*Exercise*
Transcribe all the data below exactly, leaving its pictures out.

*Exercise data*

::::

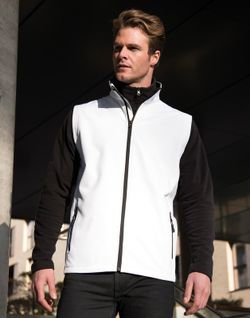 Gilet da uomo softshell stampabile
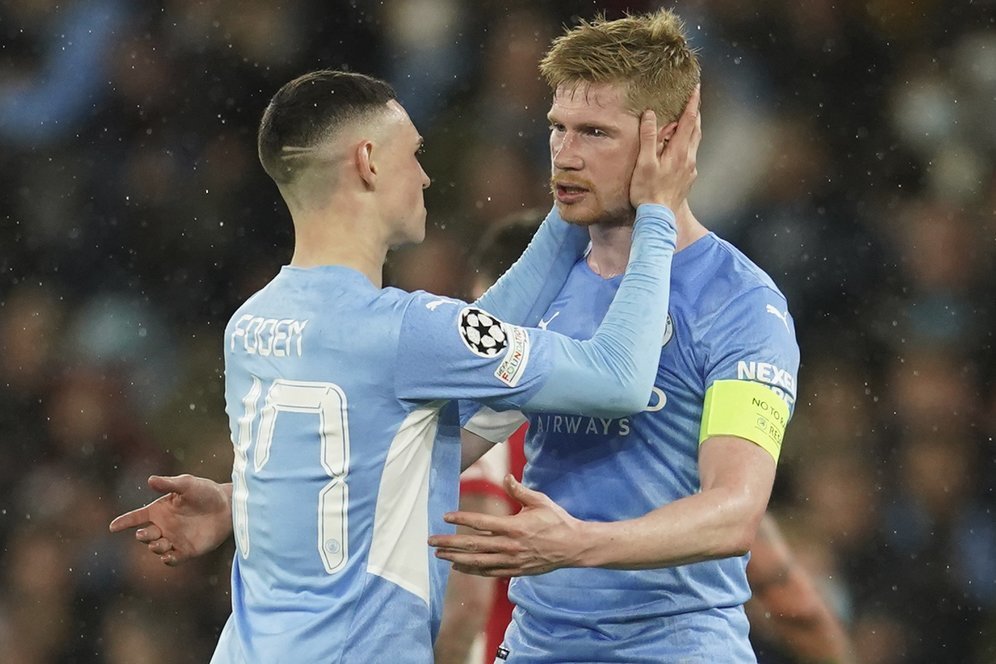 Terbaik dan Terburuk Man City 1-0 Atletico Madrid: De Bruyne Berkelas, Griezmann Hilang!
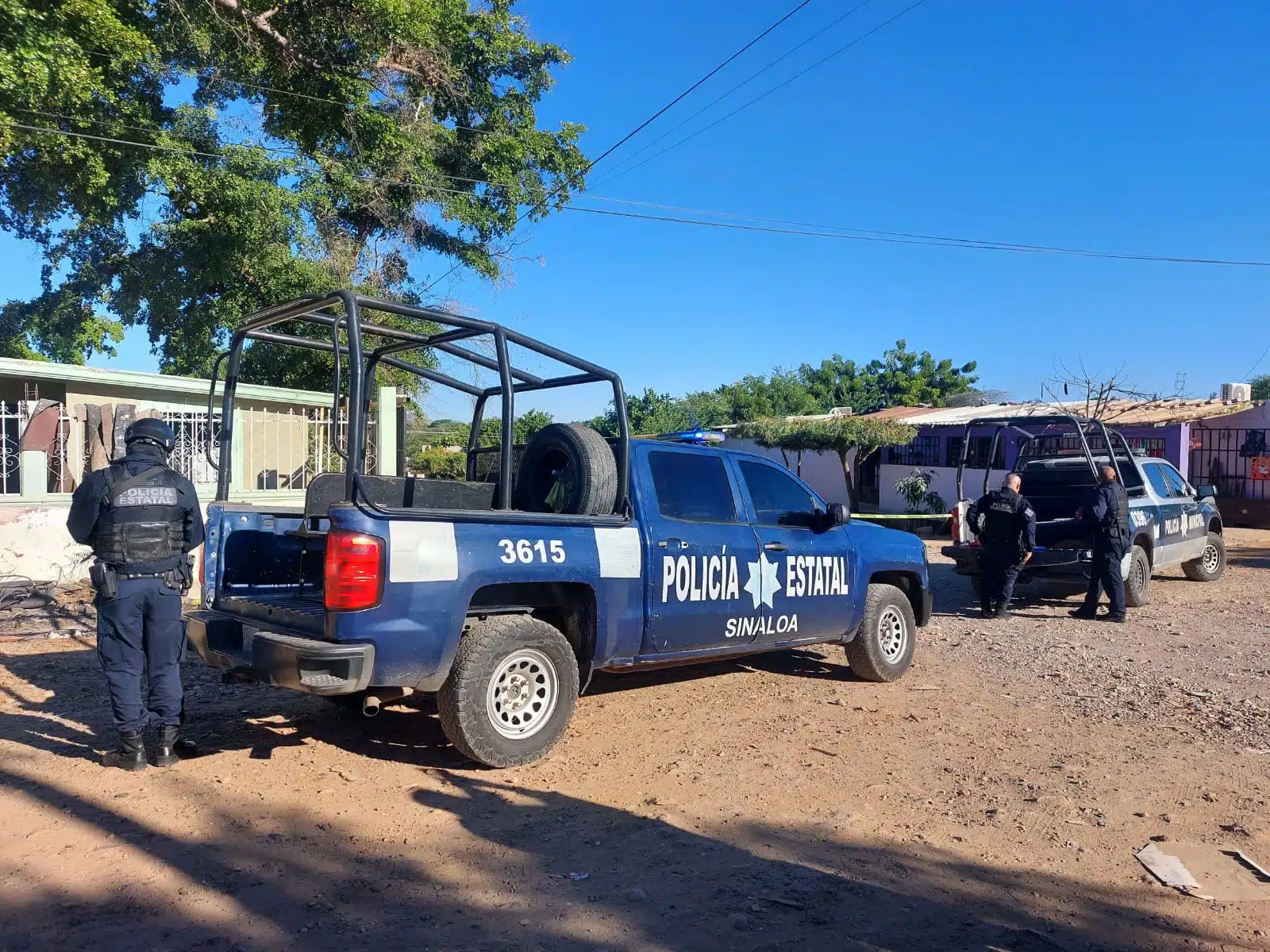 Hallazgo de hombre asesinado en Culiacán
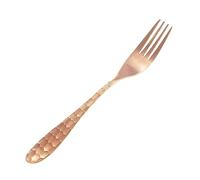 Tenedores de cobre hechos a mano, vajilla de lujo sostenible, perfecta para entretener a los invitados y mostrar su gusto noble (1)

::::

*Answer to this exercise*
 Gilet da uomo softshell stampabile
 Terbaik dan Terburuk Man City 1-0 Atletico Madrid: De Bruyne Berkelas, Griezmann Hilang!
 Hallazgo de hombre asesinado en Culiacán
 Tenedores de cobre hechos a mano, vajilla de lujo sostenible, perfecta para entretener a los invitados y mostrar su gusto noble (1)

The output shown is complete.